One could reasonably combine the _s and :sat parts. But, keeping them separate means the _s part, and the other parts, can all be shared with the non-:sat form, which is nice. So this suggests a sequence of trunc, _s, and then :sat.

[Sorry for the delay, still working through my discussion backlog]

I see what you mean from an implementation perspective. But would you argue that that is the only relevant consideration?

I would think that a user probably cares most about applicability and types. Imagine they have a signed 32 bit int. The advantage of the current Wasm naming scheme is that they can easily identify all applicable operators because they are uniformly named either i32.xxx_s, or i32.xxx without signedness. Similarly, to find all ways to convert from signed i32 to some T they simply find all operators named T.xxx_s/i32. That seems like a rather valuable organisation principle.

No, I don't consider it an implementation perspective. For reasoning about a program, the case where a computed result approximates the real result of an algorithm is different from the case where it's unrelated to the algorithm.
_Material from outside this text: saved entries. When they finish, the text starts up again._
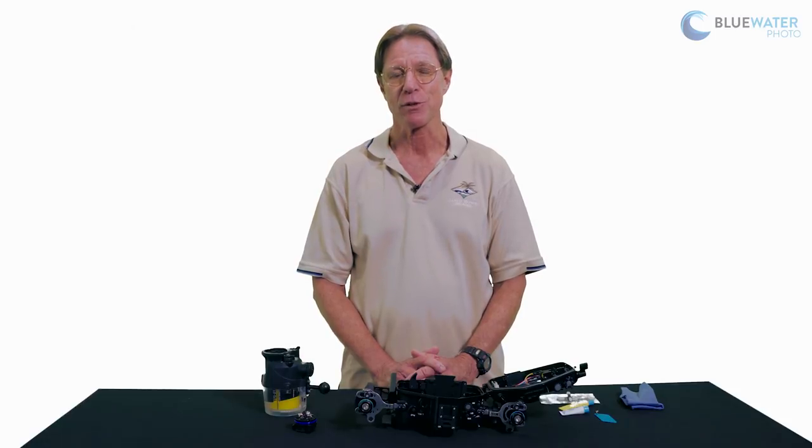Aside from that, I think this pretty well covers o-ring maintenance. If you do have any questions, feel free to contact us here at Blue Water Photo either by email or by phone. We're open every day except Sunday and we look forward to hearing from you. Thanks again for joining us.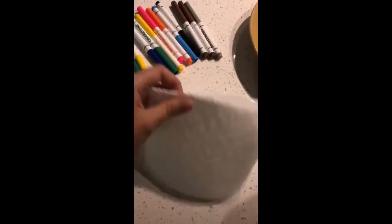After you gather all your materials, you're going to start by folding your paper towel in half.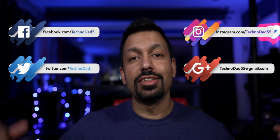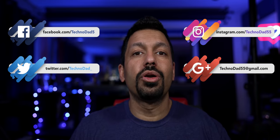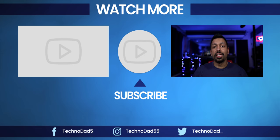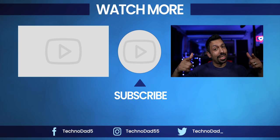140 watts per channel into an 8 ohm load with all three channels driven for $499 — I think Emotiva has a winner on their hands. I'm so glad they decided to do this, and of course thank you to Emotiva for sending this over for review. I can't wait to run it through all of my demo material. If you have any questions, let me know down in the comments or hit me up on social or email. If you liked this video, smash that like button and don't forget to subscribe. My name is Chana D., I'm your Technodad, and I'll see you next time.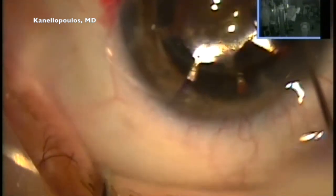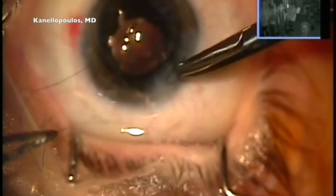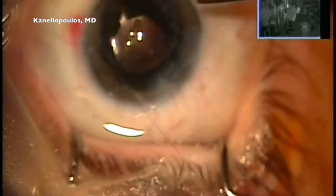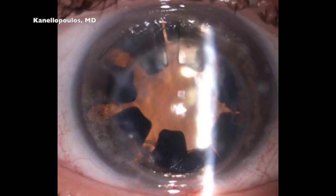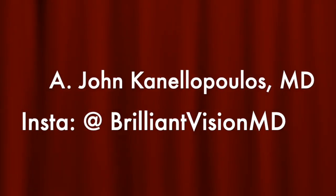In summary, this was a challenging phacoemulsification case. I'm placing a mattress 10-0 nylon suture here since I enlarged the incision, to ensure there'll be no leakage. This is the first day post-op — we went from hand motion vision to 20/50 minus: an excellent result. Hope you found this presentation interesting. This is John Kalopoulos from Athens, signing out. Thanks so much.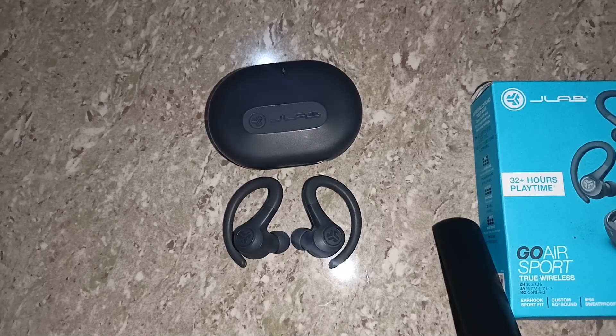Hello guys, welcome back to our YouTube channel. In today's video we will see how to fix JLab earbuds not charging and JLab earbuds left and right side not charging. So without wasting your time, let's get started.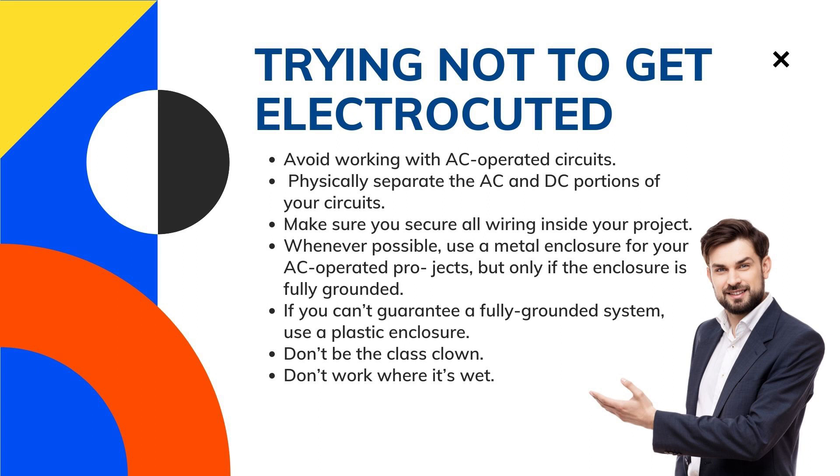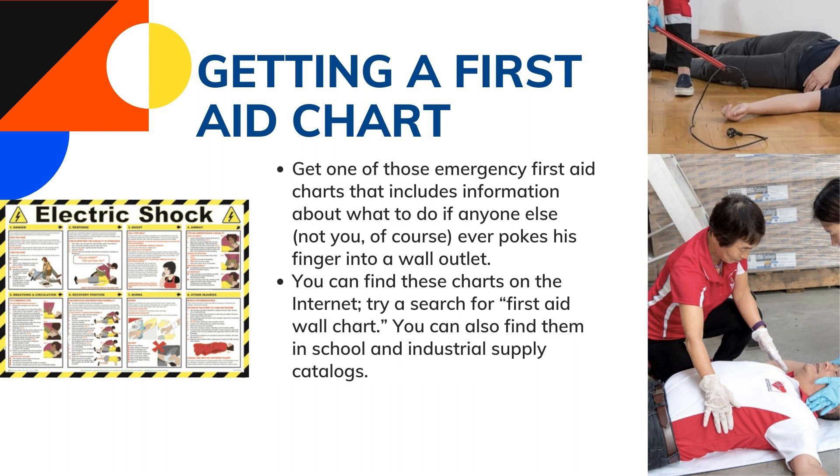Practice the buddy system when possible. Have a buddy nearby when you're working around AC voltages — you want someone who can dial 911 if you're lying on the ground unconscious. Seriously.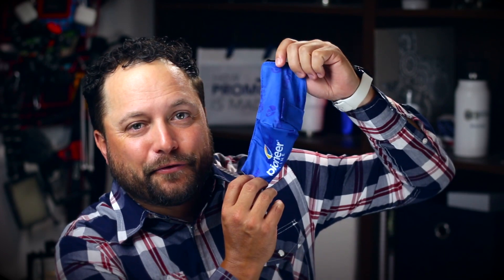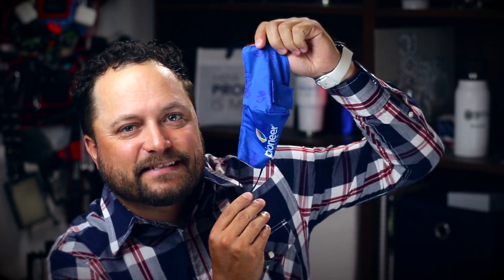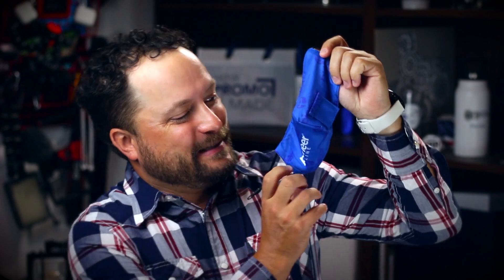Hey everybody, Brandon here — exclusively at Promo Corner. Now, when you're done with that work day and you want to go meet up with a bunch of friends you haven't seen in over a year, but you're not quite sure about that one person — today's product is the 3D straw-friendly mask from Pioneer Line.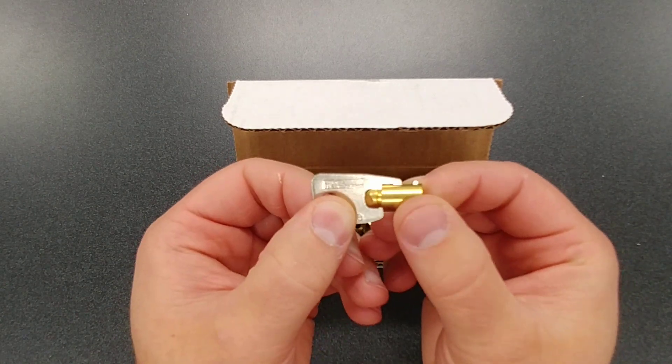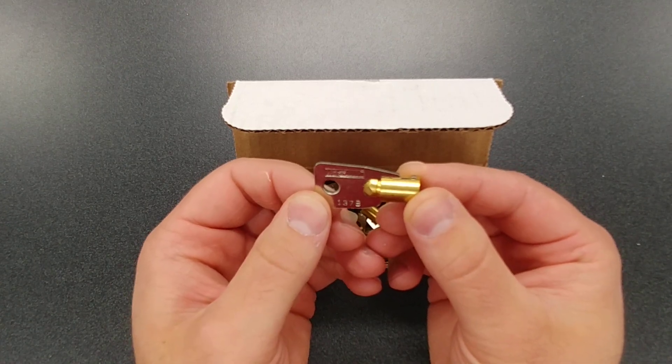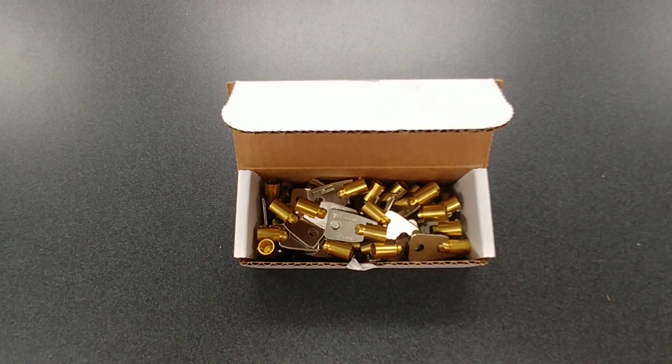So if you're looking for a way to save on the life of your cutter and cut down on the cost of tubular keyblanks, take a look at these by HPC. Thanks for watching and we'll see you next time.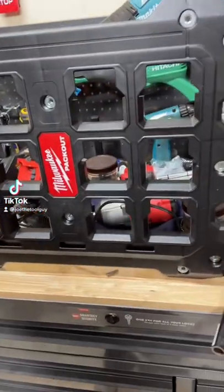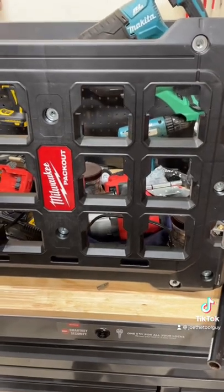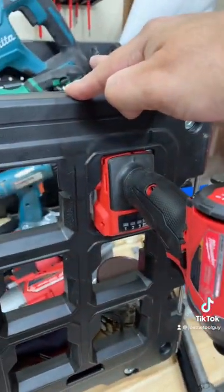Alright fam, I might have just stumbled upon one of the most impressive M18 packout modifications there is. There's no special feat or anything necessary here. Let's take a closer look.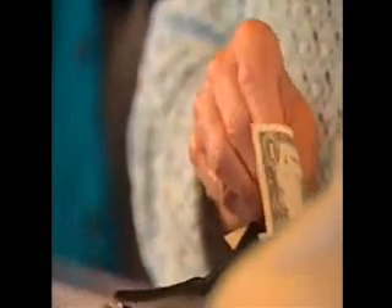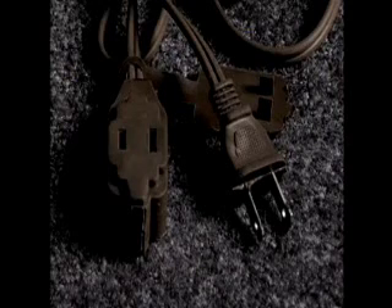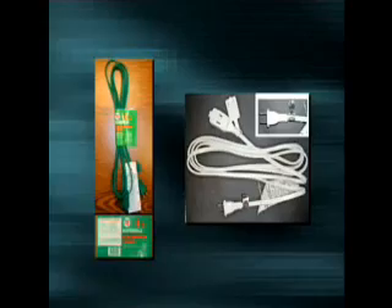Whatever your budget, it's tempting to purchase less expensive products, including extension cords. Often these below-market value cords are counterfeit and unsafe, so make sure to purchase from a reputable retailer.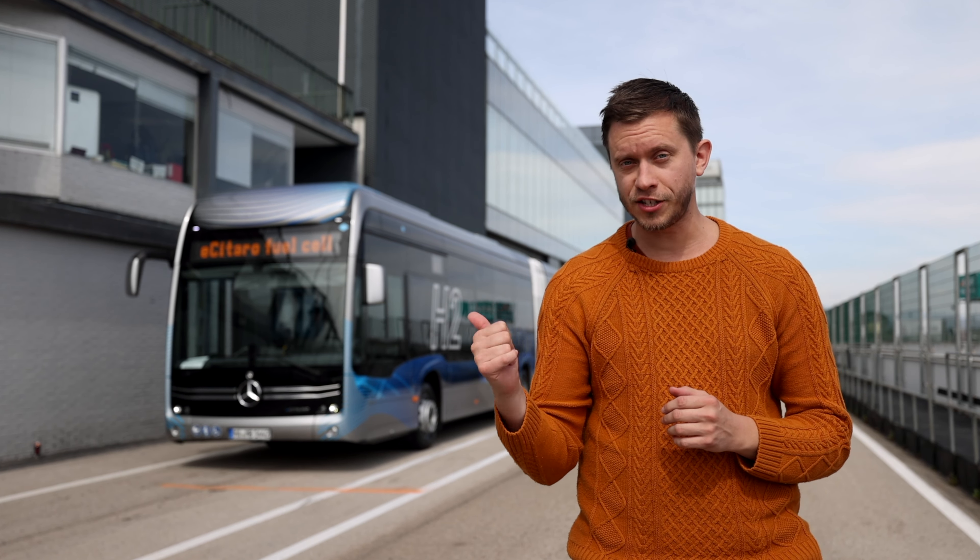We are on a Formula 1 track in Madrid, Spain. Behind me we have the EZ Taro with fuel cell, and this has a standard 4x4 configuration.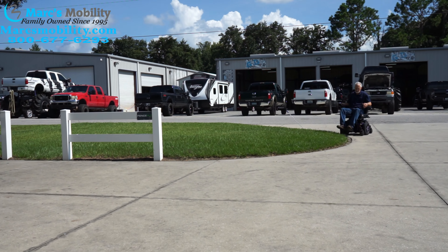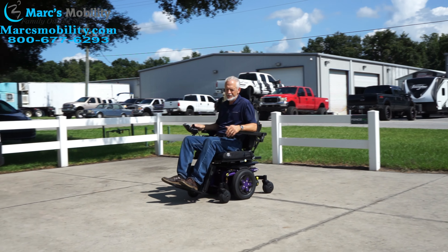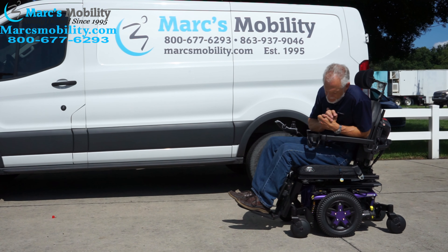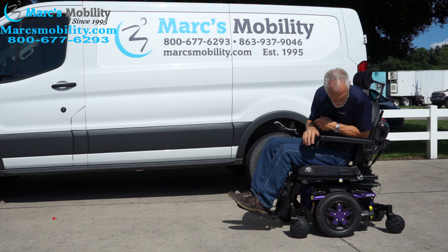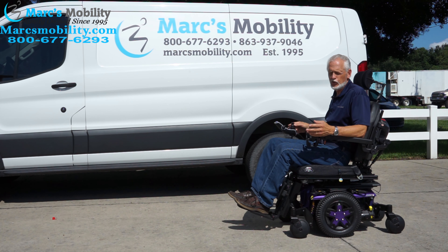These have no problem in my grass at all. These have a really good suspension, especially in the grass — you can feel it going through the grass really well. So this is the Quantum Edge 3 with the electric tilt, electric legs, electric back — three electrical functions. It has the drain cup holder, it has the lights, just a really nice power chair with about two miles.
I'm confused, of course they are different, but what does that imply about naming conventions, other than that they shouldn't have the same name?

Mnemonics should be abbreviated descriptions of what their instructions do, as clearly as possible while still being short. Behavior on overflow is a user-relevant part of what they do. I described above how the proposed mnemonics aim to address that.

I am also unclear on the value of optimizing for the length of the regex needed to discover certain kinds of opcodes. Good documentation will group the conversion opcodes in a way that makes them easy to discover.

From a purely practical perspective, it would be great if we could keep colons out of mnemonics. The LLVM assembly lexer treats colons as separate tokens, so we would have to hack around it to correctly assemble instructions containing colons. FWIW, the same is true of slashes, but that ship has probably sailed. This hasn't come up before because we have not previously had comprehensive tests of the assembler. @aardappel is planning to look at what would be required to support instructions containing these characters next week.

@tlively, agreed. Using up a whole new special character convention for this purpose seems subideal.

FWIW, you can blame the slash on me. In retrospect, I wouldn't mind eliminating it, e.g., in favour of dot perhaps, or underscore? But it might be too late.

Using . would have been great, since we already use it.

@rossberg @aardappel I'll add an agenda item to the next CG meeting so we can settle the question of whether it's too late sooner rather than later.